Feel like giving up? Study finds mindfulness meditation helps with achieving personal goals

POLAND — Whether you’re battling burnout or feeling overwhelmed by a challenging project at work, the thought of giving up has probably crossed your mind once or twice. But a new study from Poland suggests when you’re in a crisis and questioning your goals, it’s helpful to cope with the situation with a bit of mindfulness meditation.

Mindfulness meditation is a mental training practice intended to slow down thoughts and calm both the mind and body. It involves doing a mental body scan where one focuses on letting go of stressful or distracting thoughts. Instead, they work to feel present to what they’re sensing and feeling in the current moment.

“This study provides the first evidence supporting that mindfulness is not only a predictor of action crises but might also influence how people cope with them once they occur,” writes the research team. “Our findings also highlight the importance of noticing – through meditation for instance – our cognitive and emotional states in goal pursuit and treat ourselves with compassion when things are not going as planned”.

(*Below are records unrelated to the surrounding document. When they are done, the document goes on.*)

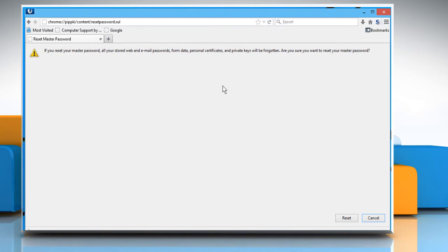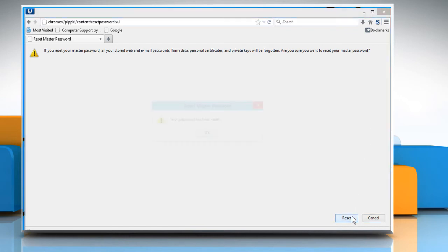It'll show you a page with a warning that all stored data will be removed and a reset button at the bottom. Click on the reset button and it'll immediately reset the master password. Click on the OK button that appears on the screen.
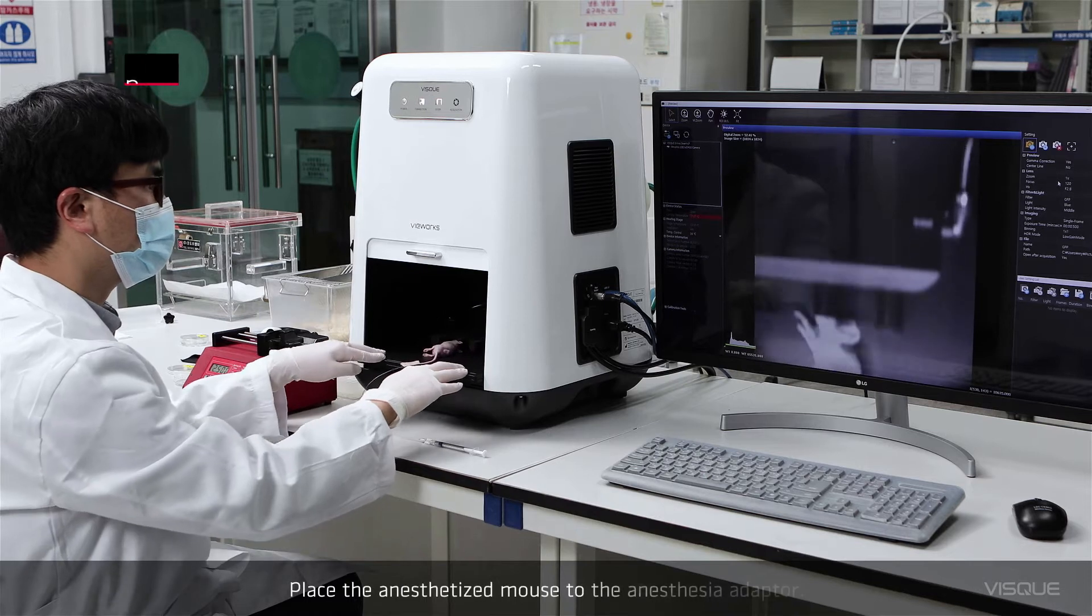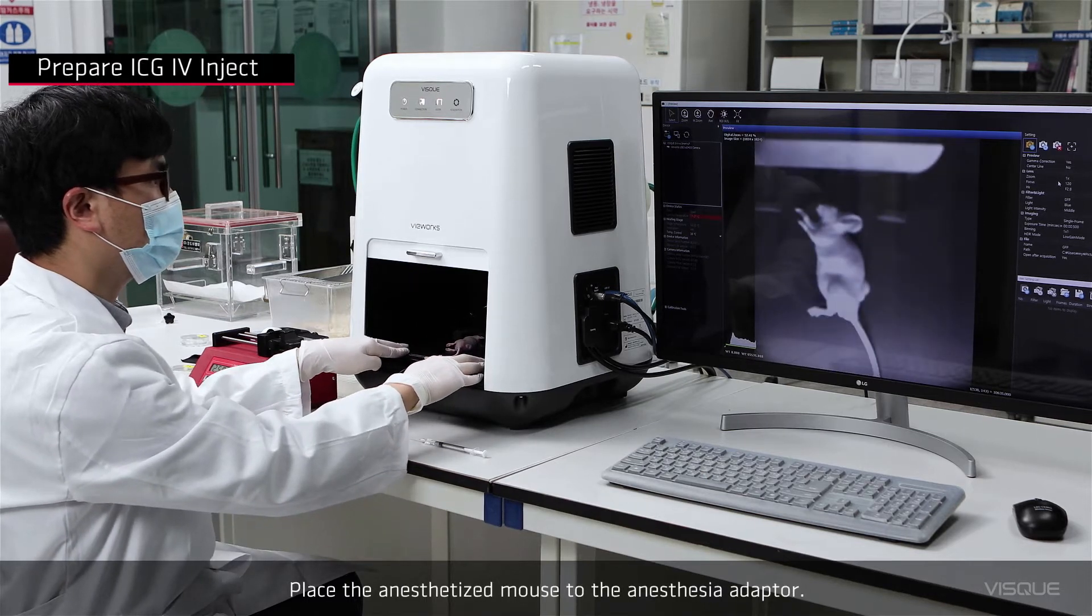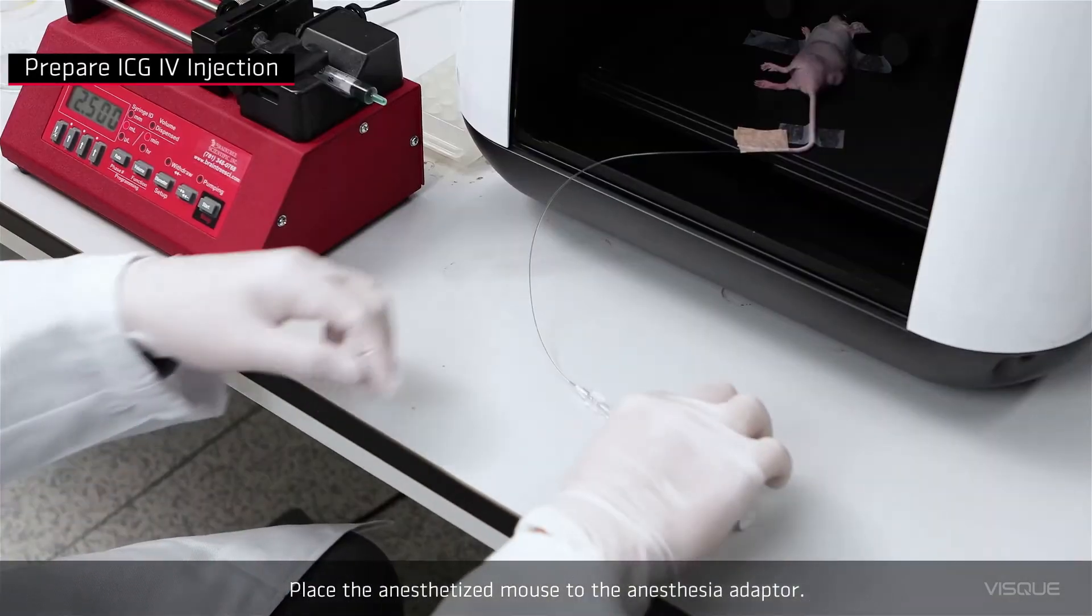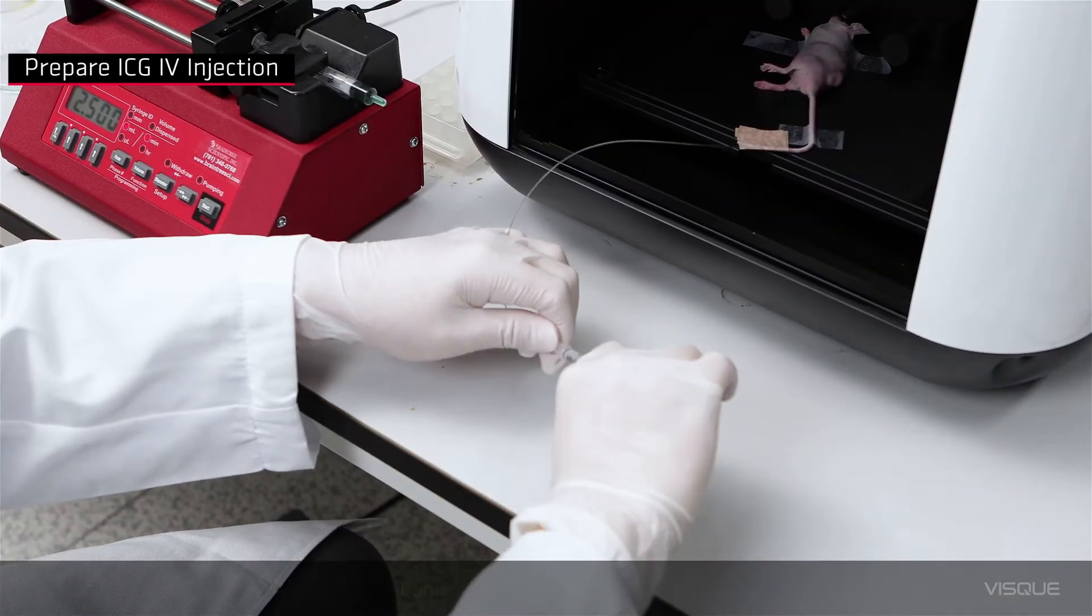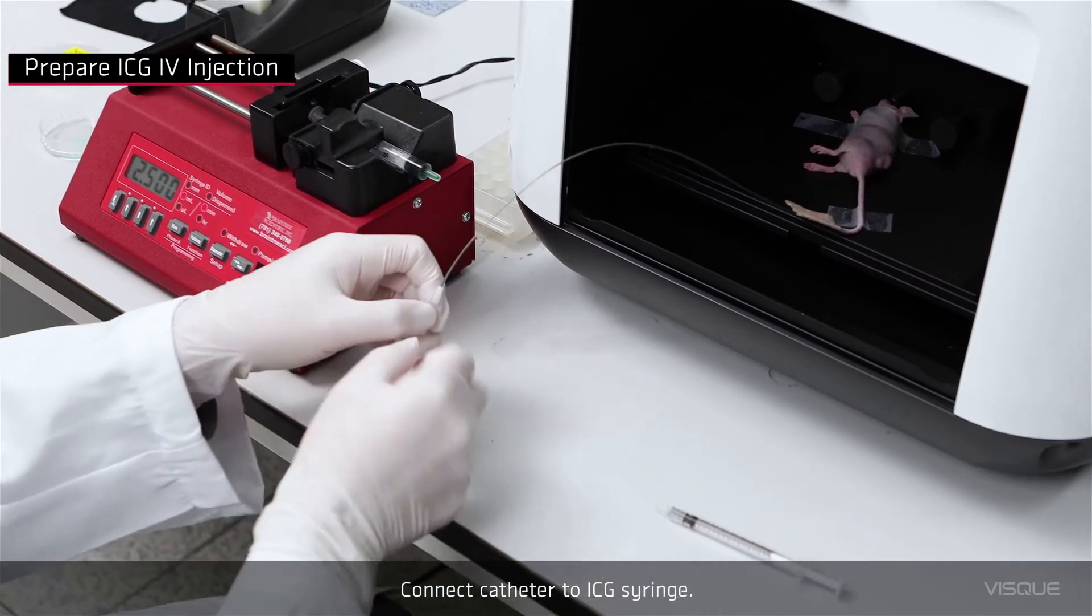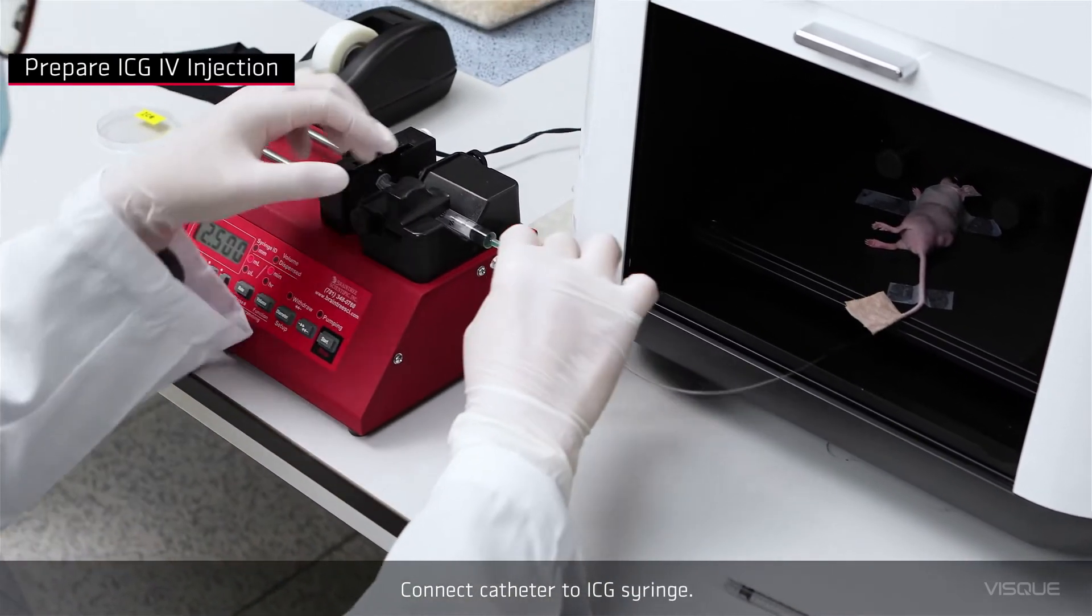Place anesthetized mouse to the anesthesia adapter. Connect catheter to ICG syringe.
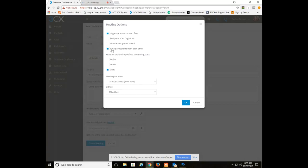It is also set to hide all participants from each other. Kind of more of a classroom environment they want you to focus on the teacher scenario as opposed to everybody else in the meeting. But you can turn that off if you'd like. But by default it is enabled.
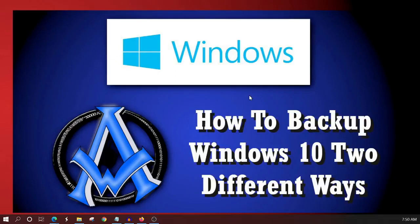Hello everyone, Max with A1 Website Pro here and today we are going to learn how to back up our Windows 10 files and folders two different ways.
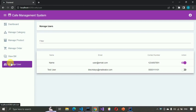This is all about the Cafe Management System project. We have completed each and every part step by step. I hope you guys liked this video — please hit like and subscribe to my channel for more videos like this.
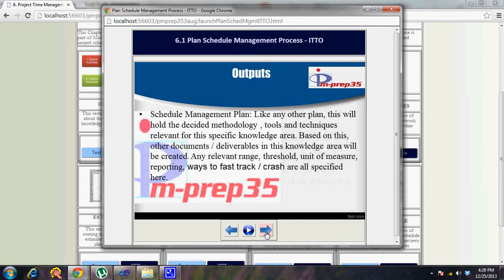The output is a schedule management plan. Like any other plan, it holds the methodology, tools, and techniques relevant for a specific knowledge area. Based on this, other documents or deliverables in this knowledge area will be created.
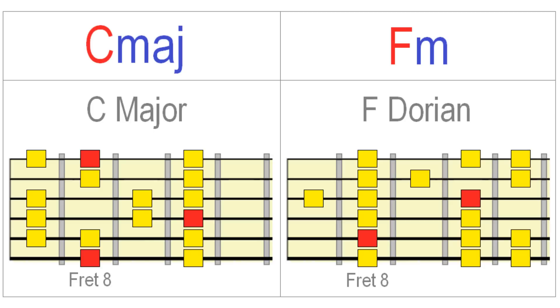The C major scale would be a natural choice over C major, but changing to F Dorian would really complement that F minor chord. Let's take a listen.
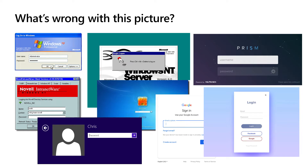I want to ask you a question: what's wrong with this picture? You're looking at lots of different logon screens. For the last 30 years, this is pretty much the way it's been — all that's been needed to gain access to a system is a username and password. From early versions of Windows to Novell to Google, that's the way many organizations do things today.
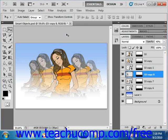When you apply a filter to a Smart Object, you create what's called a Smart Filter. You cannot apply certain filters to a Smart Object, such as Extract, Liquify, Pattern Maker, and Vanishing Point. Smart Filters will appear in the Layers panel, just below the Smart Object layer to which it's applied.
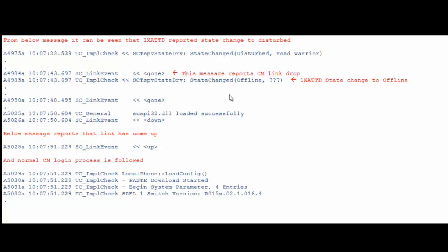After some time, SCLink event reports that the same link has come up and the normal CM login process is followed.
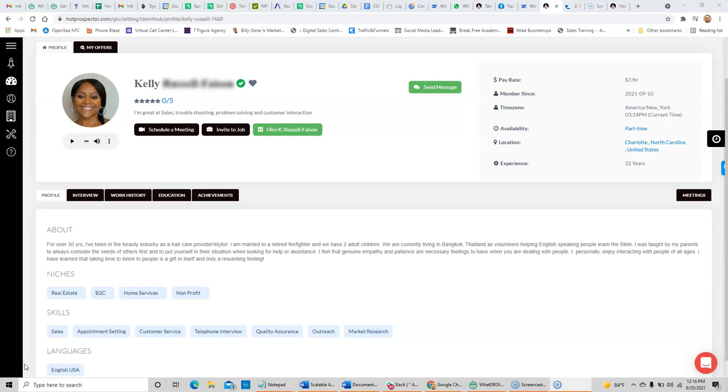The reason why you're here today is because you're looking for an amazing but affordable remote assistant that can help you grow your business by doing things like making and taking calls, sending and receiving emails, and maybe even handling some text messages that are coming into your business.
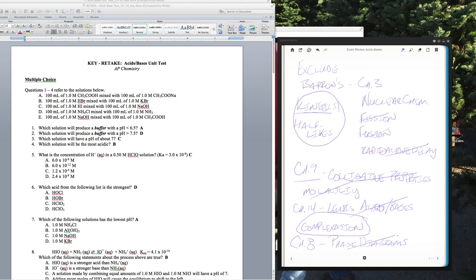You don't have to memorize all the solubility rules, but you do need to know that the alkali metals, ammonium, and nitrates are all soluble. They've taken a little of this and added things too. For example, photoelectron spectroscopy, mass spectroscopy, and chromatography have been added — I'm thinking about doing separate review sessions on those types of analytical tests.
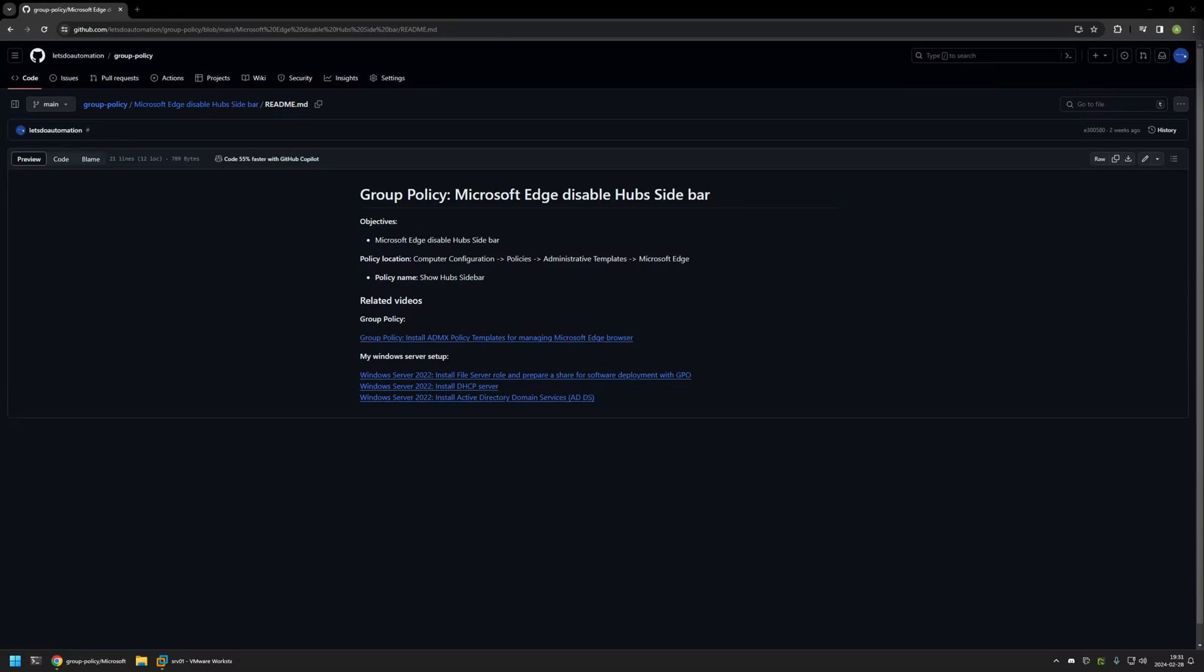In this video I'll be using Group Policy to disable sidebar in Microsoft Edge. I'm starting this video from my GitHub page, and that's because there are a few bits of information here that I will be using for this video.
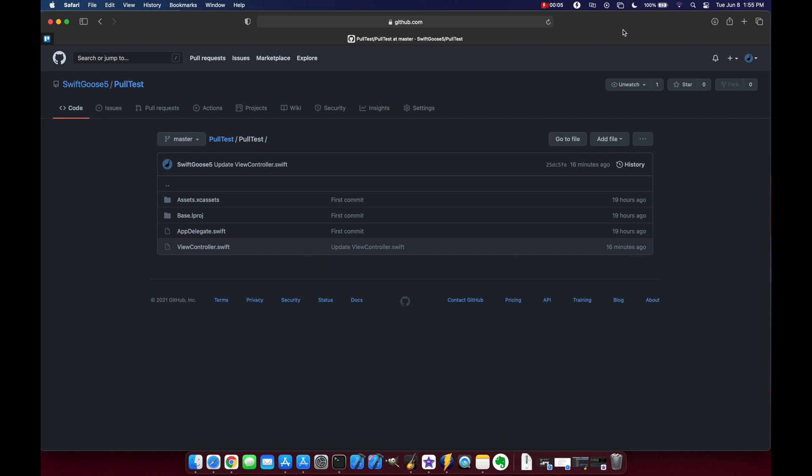Hello and welcome to Swift Goose. Today we're going to look at how to do pull requests inside of Xcode, which is a new feature that they've added in Xcode 13.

The authors of the study recruited 121 volunteers for the study. They were asked to state an important personal goal — such as finishing college or producing a second film — and their motivation for it. Additionally, they were asked what techniques they used when they felt like giving up.

The participants were split into two groups. One group performed mindfulness meditation exercises while the other group spent 15 minutes reading magazines. Afterward, all volunteers read scenarios describing an action crisis related to their goals and completed a questionnaire on how they currently felt about their goals.

People who practice mindfulness meditation did better at coping with crisis situations in simulated scenarios than people who did not. The researchers suggest a several-week-long mindfulness training would be helpful for people dealing with internal struggles regarding their personal goals.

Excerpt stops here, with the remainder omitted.